In concrete terms this might translate to:
- unit tests that pinpoint what broke in your code when you refactor
- types that codify the contracts between data and functions
- continuous deploys that take less than 15 minutes (you probably have easy wins to make in frontend or backend)
- local development servers that emulate your cloud environment
- “live” values either provided by language servers or editor plugins or replay recording
The causality may be bidirectional. If you make it easier to change things, you will be able to make changes more frequently. It could work the other way too — because you expect to make frequent changes, you are more incentivized to make things easy to change. An extreme example of this involves not just code, but community - the longer a library (or language) stays on version 1, the harder the difficulty of switching to version 2, whereas ecosystems that regularly publish breaking versions (in exchange for clear improvements) seem to avoid stasis by sheer exposure.

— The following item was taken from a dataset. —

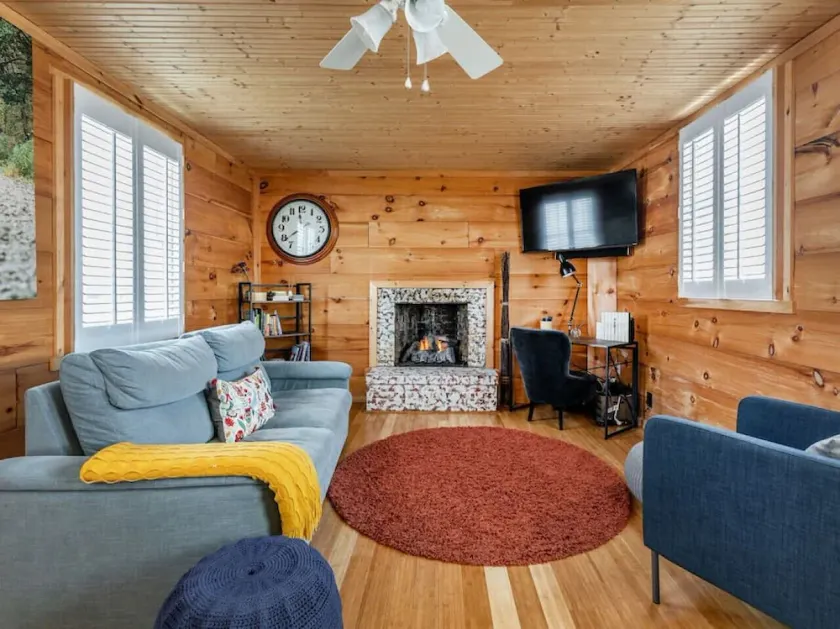 Cozy 2-bedroom Cottage with Access to Bantam Lake - Image 1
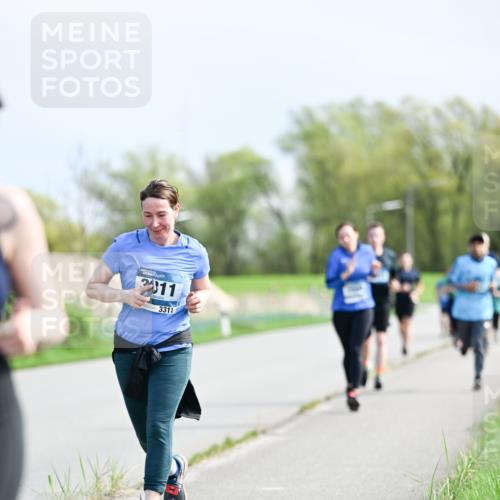07.04.2024 - 43. Internationalen Wilhelmsburger Insellauf Dr. Thomas Lammeyer http://msf.ph/oto/6050895 07.04.2024 11:19:37 Laufen 11, 3311 meine-sportfotos.de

A caution against too much change
Any good idea turns bad when taken to the extreme. If you change things too much you might be favoring velocity over stability — and stability is very much a feature that your users and code consumers rely on. Hyrum’s law guarantees that with sufficient users and time, even your bugs will be relied on, and people will get upset if you fix them.
That said, overall, I find Optimizing for Change a net win in my programming, product, and system design decisions and am happy that I’ve boiled it down to four principles: Plan for Common Changes, Use Simple Values, Minimize Edit Distance, and Catch Errors Early!